* _PROBLEM DESCRIPTION_: Beginning with the line that contains "BMW X1 — фото 9", copy each subsequent line of the data below through the last one, including both ends but not the pictures.

* _RAW DATA_:
----------
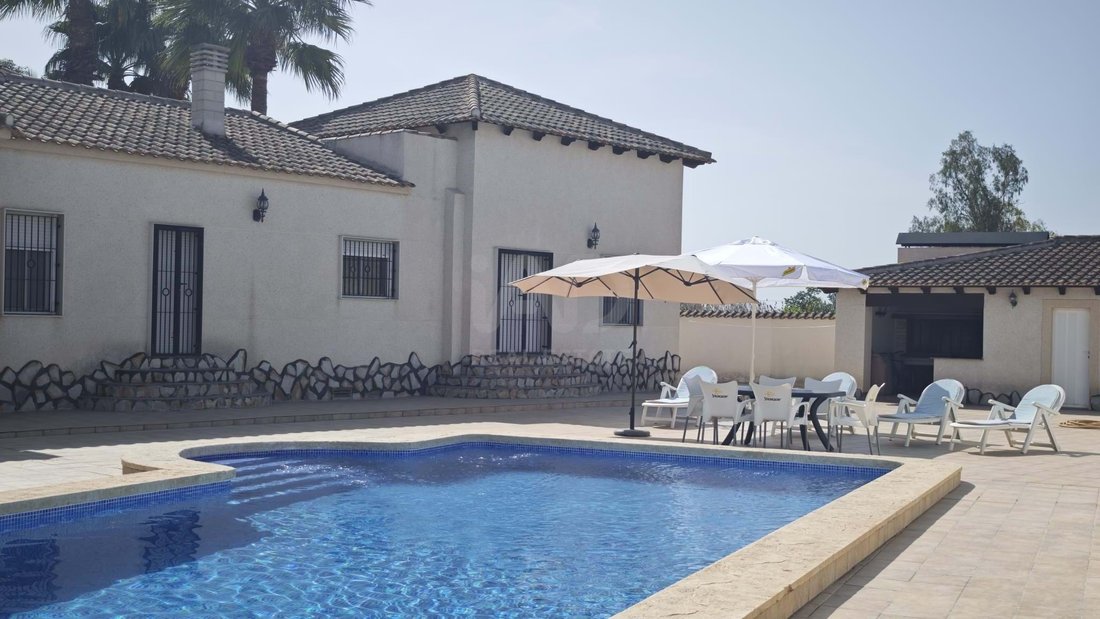 Townhouse in Catral, Valencian Community, Spain 1 - 16336009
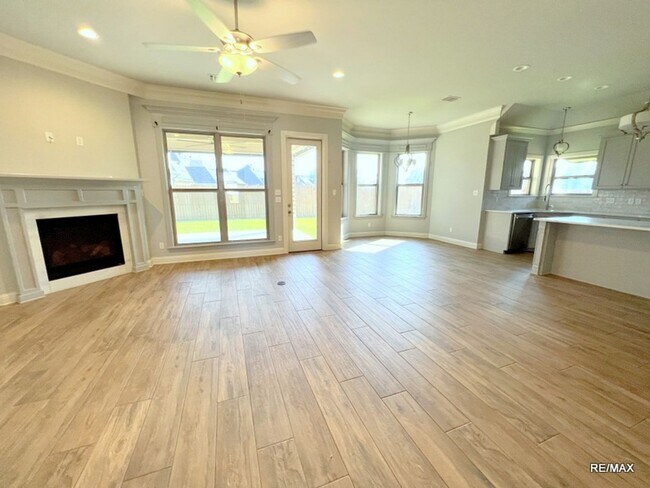 Building Photo - EXQUISITE HOME IN ST. CHARLES COURT OF NOR...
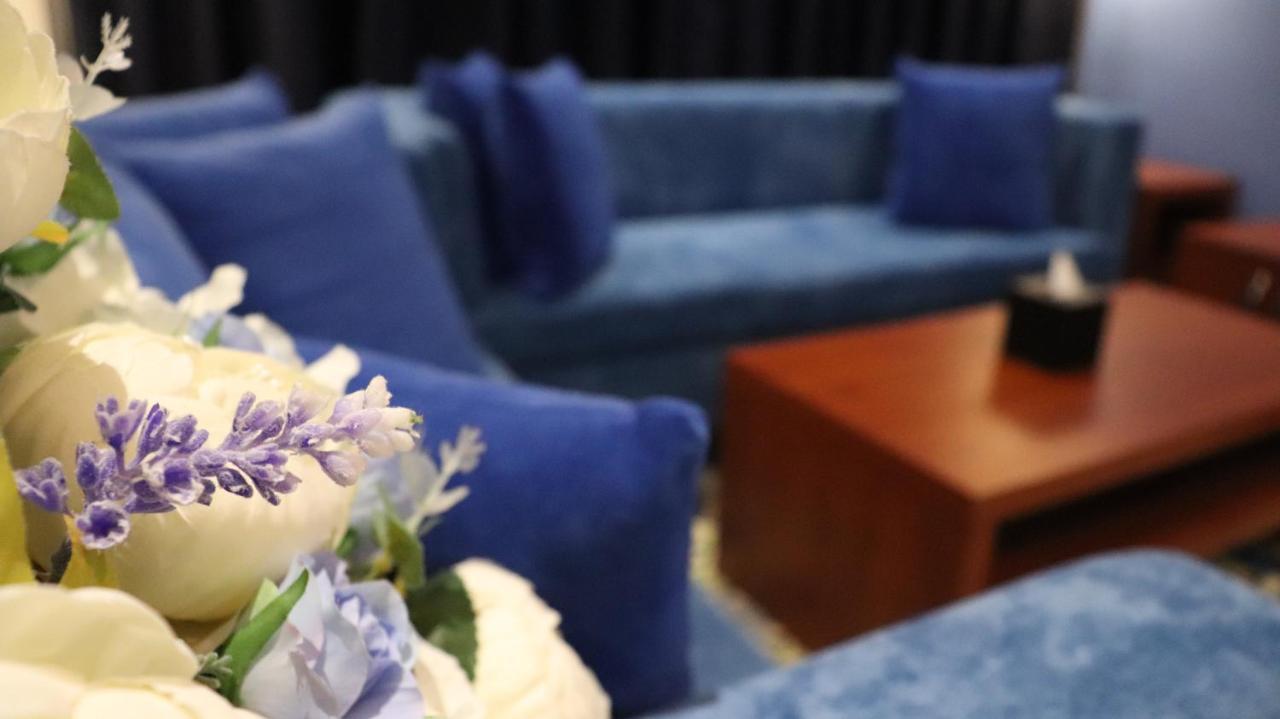 Al Riyadh Hotel Apartments Abu Dhabi Ngoại thất bức ảnh
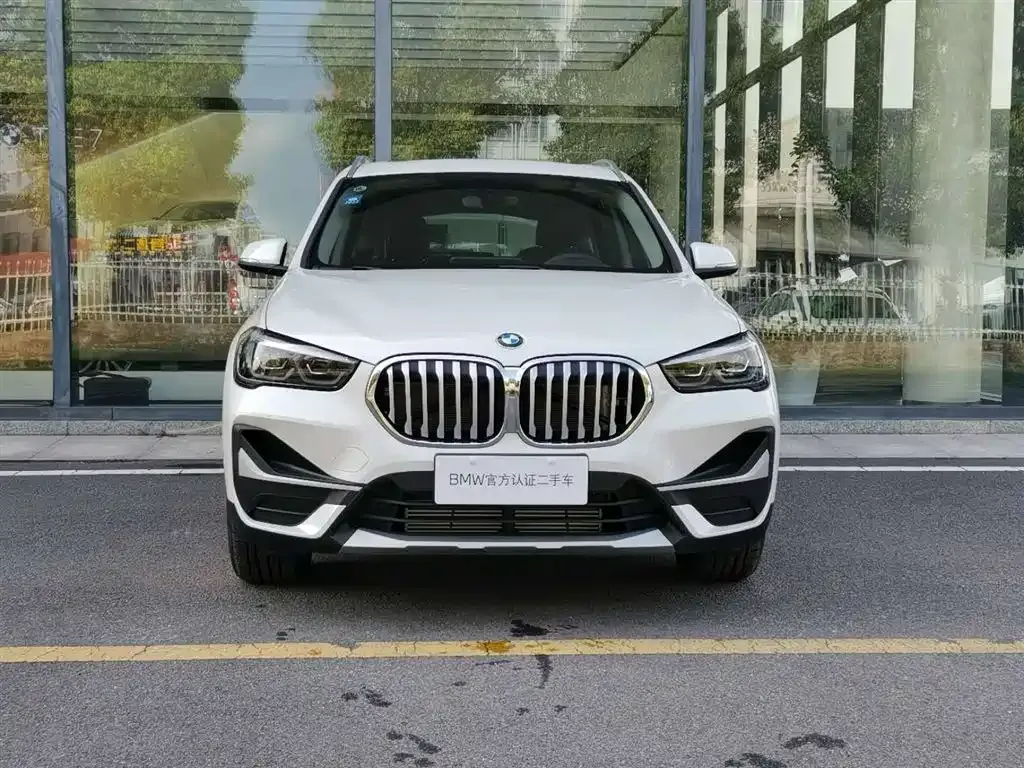 BMW X1 — фото 9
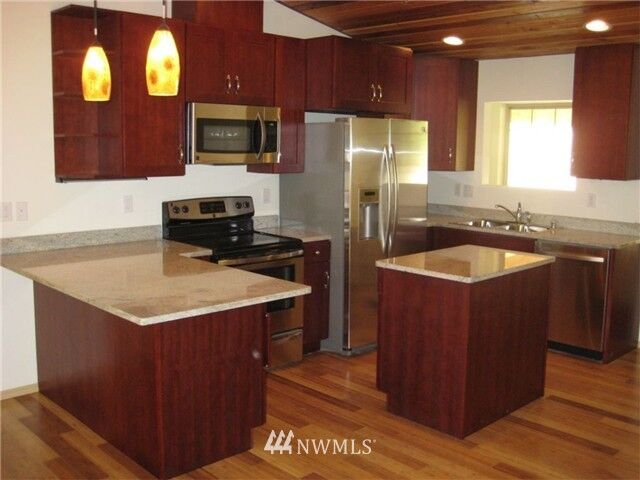 Property Photo: 18410 SE 108th Street WA 98027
----------
* _WRITTEN SOLUTION_:
 BMW X1 — фото 9
 Property Photo: 18410 SE 108th Street WA 98027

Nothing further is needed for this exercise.